Uma caminhada ao longo da nova cidade sustentável da China | Carta semanal 40 (2024)
Em 1º de outubro de 1949, a República Popular da China foi estabelecida. Após 75 anos em seu processo revolucionário, a China fez rápidos avanços enquanto ainda enfrentava muitos desafios.
Queridas amigas e amigos,
Saudações do Instituto Tricontinental de Pesquisa Social.
Setenta e cinco anos atrás, em 1º de outubro de 1949, Mao Zedong (1893-1976) anunciou a criação da República Popular da China (RPC). É importante observar que o Partido Comunista da China (PCCh) não nomeou o novo Estado como República Socialista, mas sim como República Popular. Isso porque Mao e o PCCh não previam que a China seria imediatamente conduzida ao socialismo; em vez disso, o país estava embarcando no caminho para o socialismo, um processo que provavelmente levaria décadas, se não um século. Isso ficou muito claro para as pessoas que começaram a moldar o novo Estado e a nova sociedade. A República Popular teria que ser construída a partir das brasas de uma guerra muito longa, que começou quando os japoneses invadiram o norte da China em 1931 e que durou 14 anos, tirando a vida de mais de 35 milhões de pessoas. “De agora em diante, nossa nação pertencerá à comunidade das nações do mundo que amam a paz e a liberdade”, disse Mao na primeira sessão plenária da Conferência Consultiva Política do Povo Chinês, em 21 de setembro de 1949. A nova China, continuou ele, “trabalhará com coragem e diligência para promover sua própria civilização e bem-estar e, ao mesmo tempo, promover a paz e a liberdade mundiais. Não seremos mais uma nação sujeita a insultos e humilhações. Nós nos levantamos”.

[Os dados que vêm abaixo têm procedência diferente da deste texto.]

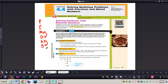First, you need to analyze the information — identify the important information in the problem. John needs three-fourths cup of dried lentils for soup and one and a half cups for salad. John has a one-eighth cup scoop. You need to find the total number of scoops of lentils he needs, which you can figure out by looking at the question.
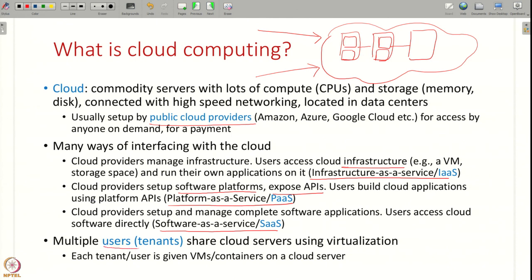Multiple users, also called tenants, share the cloud server, and that sharing is done via virtualization. If different users are running their cloud applications, you want to separate and isolate them as much as possible. So each user is given a VM or a container on the cloud.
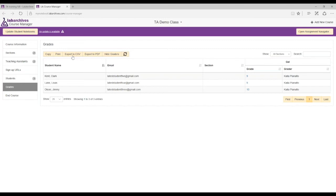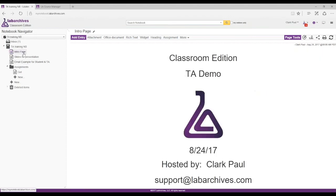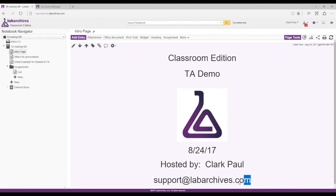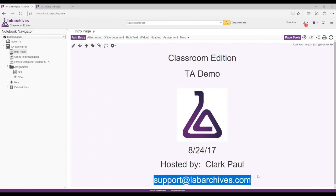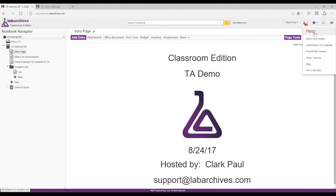From a TA's perspective, that's it — pretty easy and straightforward. If you ever have any questions, send an email to support@labarchives.com and they'll get back to you very quickly. Also, in the upper right-hand corner there's a little 'i' icon with a knowledge base — you can open that up, type in whatever you need to know, and it'll give you an answer.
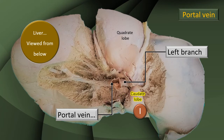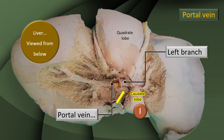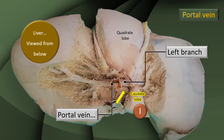Let's start with Segment 1. The caudate lobe itself is considered Segment 1, indicated by the flashing yellow arrow. As the left branch proceeds into the physiological left lobe, you can see a branch given off to the caudate lobe — that's the branch from the portal vein given off to the caudate lobe. Not labeled in this dissection, but very much present, are the branches of the hepatic artery and the bile duct.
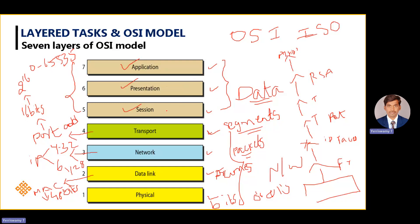In every layer, a header is added. For example, in the transport layer there will be a header containing source and destination address, and data containing the original information. Similarly, in the network layer, its own header is added. When it comes to the data link layer, along with the header and information, there is one more field known as a trailer, which is responsible for error checking and correction if needed. This is the whole overview of the OSI model.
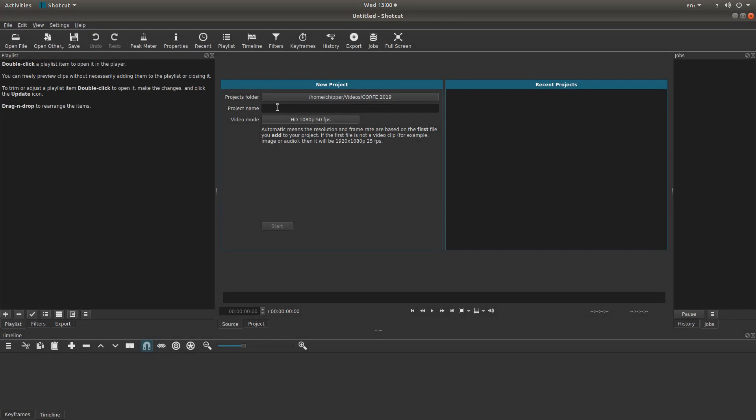You'll also need to give it a name. You won't be able to go any further until you give it a name. So next to projects name, give it a title.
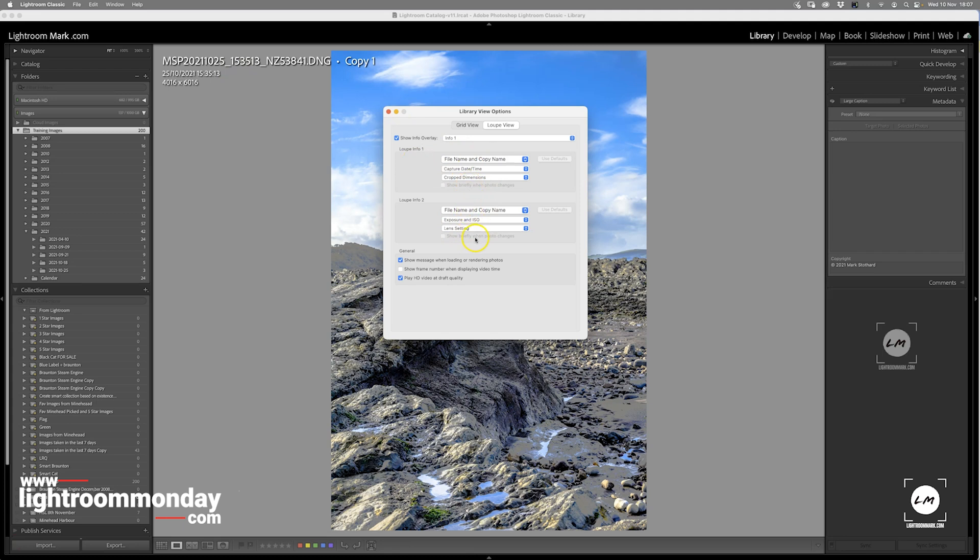Again, you can change these in the dropdowns. I hope I understand your question correctly and this information helps you. Have a great day, take care, bye bye.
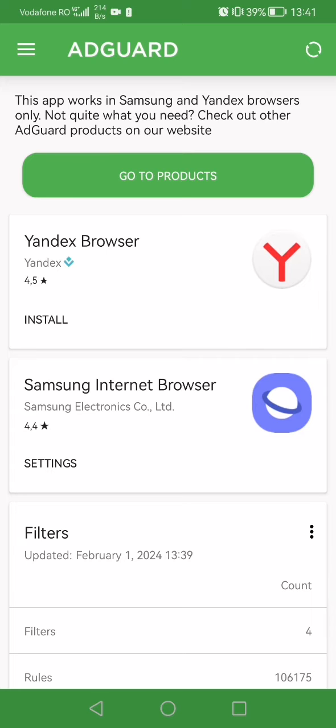Once the application is opened, tap on the three little lines on the top left of the screen in order to access its menu.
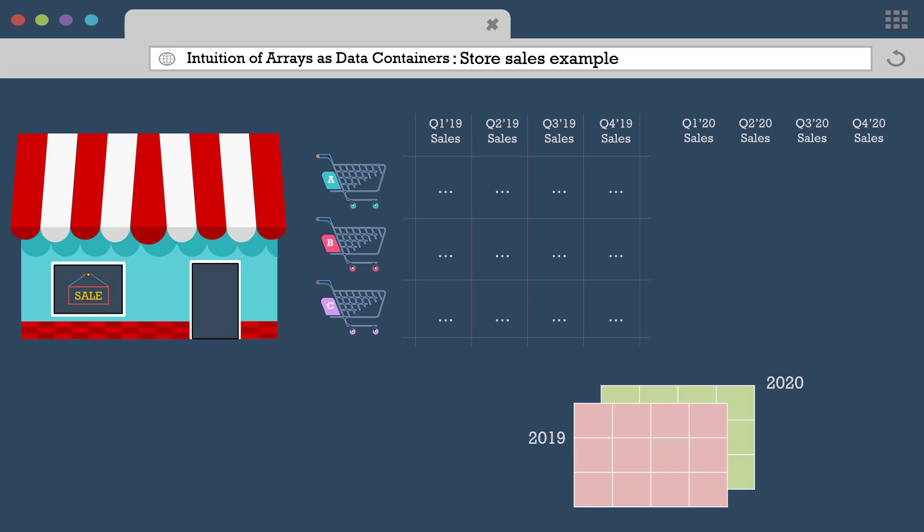So we have been able to store all the 24 data points without losing track of which quarter, year or product they belong to, since we know in this array which dimension is which.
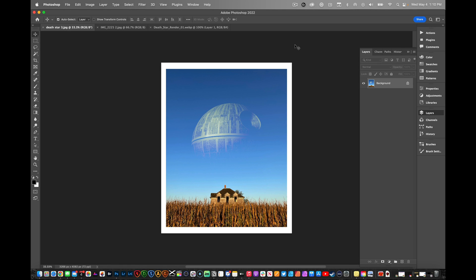Real quickly, how to put the Death Star in one of your photos in a quick and easy way.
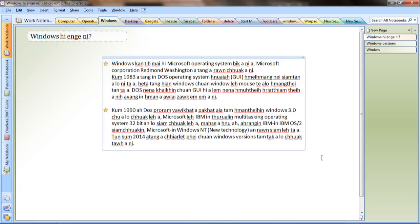Hello, welcome to this video. We are going to use the Windows version. Windows is available in the Microsoft operating system, developed by Microsoft Corporation, based in Redmond, Washington. Windows system features a Graphical User Interface.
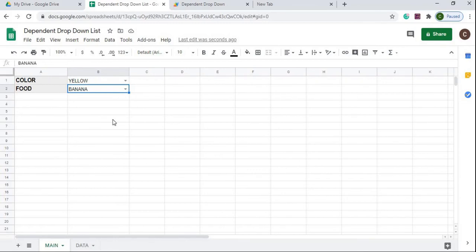So that is my dependent drop-down list using Google Apps Script. So that concludes this video. If you have any questions or comments, please leave it below the video. If you are new to the channel, subscribe to catch my latest videos. And until next time.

As palavras de Mao ecoaram os sentimentos dos movimentos anticoloniais de todo o mundo, inclusive os dos líderes de movimentos que não eram socialistas, como Jawaharlal Nehru, da Índia, e Gamal Abdel Nasser, do Egito. Para eles, o processo de descolonização exigia paz e igualdade mundial para que os povos do mundo anteriormente colonizados pudessem se erguer e construir suas vidas com dignidade. Ler e refletir sobre essas palavras em 2024 nos permite apreciar tanto os avanços feitos pelos povos do mundo, desde 1949, quanto a obstinação das antigas potências coloniais que há muito tempo tentam impedir a construção desse novo mundo. O genocídio estadunidense-israelense em curso contra os palestinos e o bombardeio do Líbano refletem a barbárie à qual as potências coloniais estão dispostas a recorrer ao tentar nos prender a esse passado que queremos transcender. As atitudes e as guerras impostas pelas antigas potências coloniais nos desviam da construção de nossa “própria civilização e bem-estar” e da promoção da “paz e liberdade mundiais”. As palavras de Mao, que na verdade são as palavras de todos os povos que saíram do colonialismo, oferecem ao mundo uma escolha: ou vivemos como adversários, com nossos recursos investidos em guerras sem sentido, ou construímos uma “comunidade de nações do mundo que amam a paz e a liberdade”.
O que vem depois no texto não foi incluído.